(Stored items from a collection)
▼

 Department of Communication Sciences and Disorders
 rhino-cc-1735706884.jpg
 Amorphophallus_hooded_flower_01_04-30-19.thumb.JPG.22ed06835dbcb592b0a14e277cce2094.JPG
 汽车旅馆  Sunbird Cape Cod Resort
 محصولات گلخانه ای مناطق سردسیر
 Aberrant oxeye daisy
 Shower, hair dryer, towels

▲

*Task directions*.
Return all of the data above, keeping every line exactly as it appears.

*Reply to the exercise*.
 Department of Communication Sciences and Disorders
 rhino-cc-1735706884.jpg
 Amorphophallus_hooded_flower_01_04-30-19.thumb.JPG.22ed06835dbcb592b0a14e277cce2094.JPG
 汽车旅馆  Sunbird Cape Cod Resort
 محصولات گلخانه ای مناطق سردسیر
 Aberrant oxeye daisy
 Shower, hair dryer, towels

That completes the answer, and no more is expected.